What needs to be done
Output a faithful copy of the entries, every picture removed.

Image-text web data
###
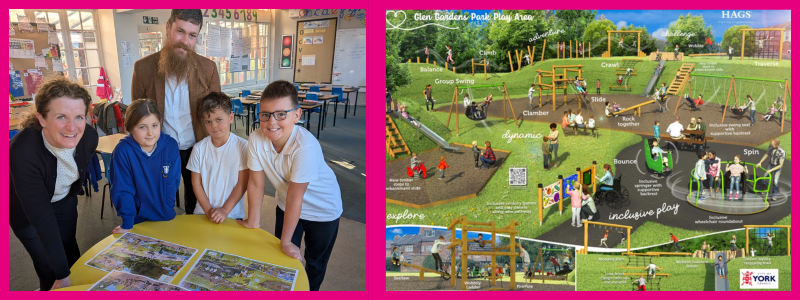 Glen Gardens Play Area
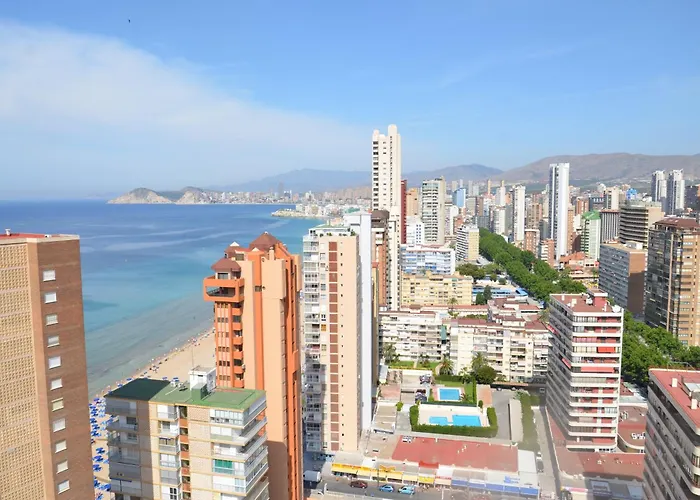 Apartamento: Apartamentos Oasis Benidorm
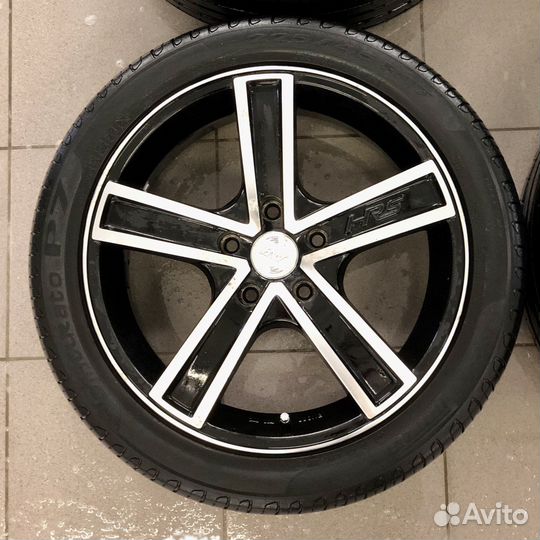 Колеса в сборе Pirelli 225 45 R17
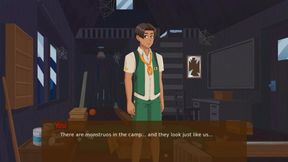 [Gameplay] Camp Mourning Wood - Part 5 - The Queen By LoveSkySanHentai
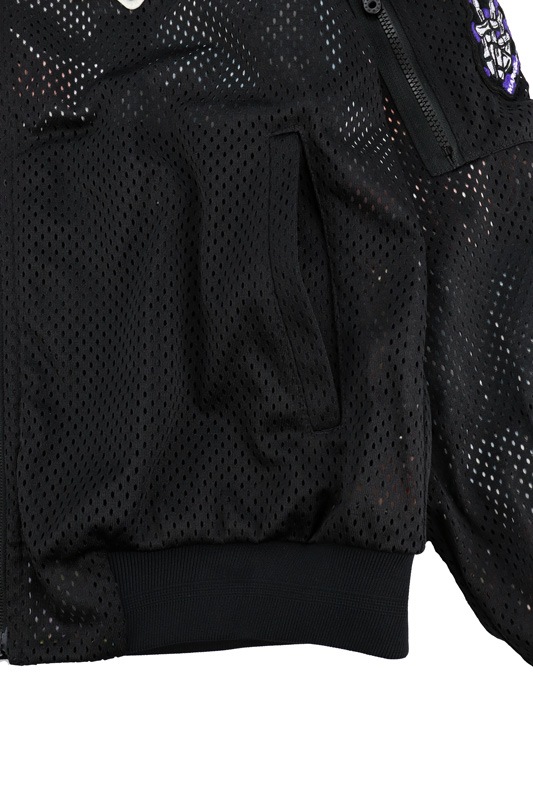 24AW】MARK&LONA マークアンドロナ Axl Reversible Military Jacket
###
Answer
 Glen Gardens Play Area
 Apartamento: Apartamentos Oasis Benidorm
 Колеса в сборе Pirelli 225 45 R17
 [Gameplay] Camp Mourning Wood - Part 5 - The Queen By LoveSkySanHentai
 24AW】MARK&LONA マークアンドロナ Axl Reversible Military Jacket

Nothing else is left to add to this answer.